(Task objective)
Transcribe the data underneath exactly. No images belong in your version.

══ Raw data ══

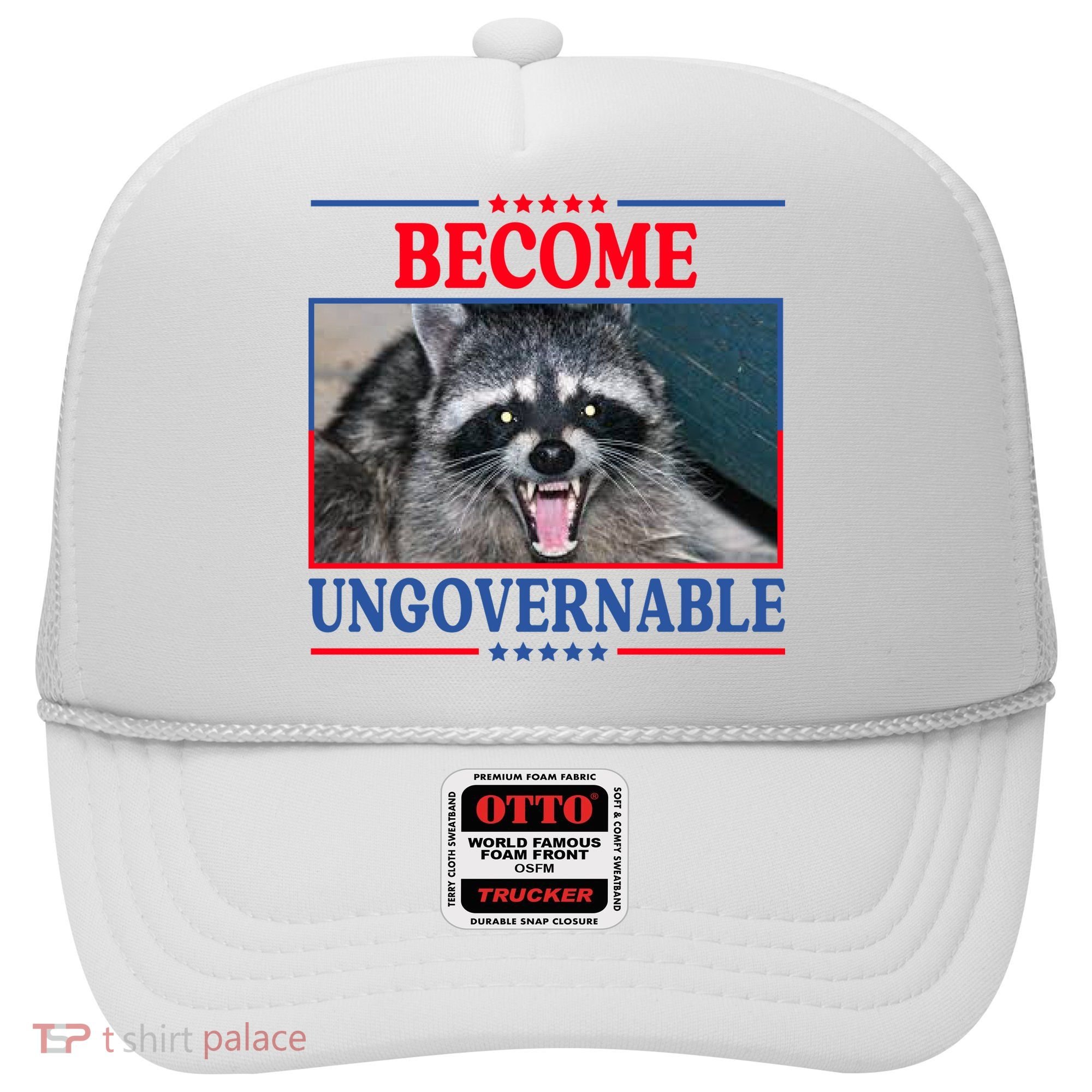 Funny Raccoon Become Ungovernable Hat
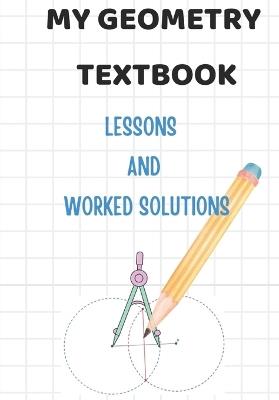 My Geometry Textbook: Angles, Triangles, Perpendicular bisectors, Angle bisectors, Special lines in triangles - Ao Anir - cover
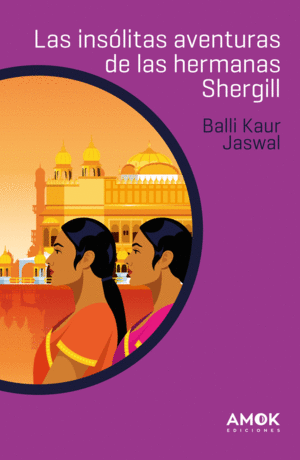 LAS INS�LITAS AVENTURAS DE LAS HERMANAS SHERGILL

═══

(The completed task)
 Funny Raccoon Become Ungovernable Hat
 My Geometry Textbook: Angles, Triangles, Perpendicular bisectors, Angle bisectors, Special lines in triangles - Ao Anir - cover
 LAS INS�LITAS AVENTURAS DE LAS HERMANAS SHERGILL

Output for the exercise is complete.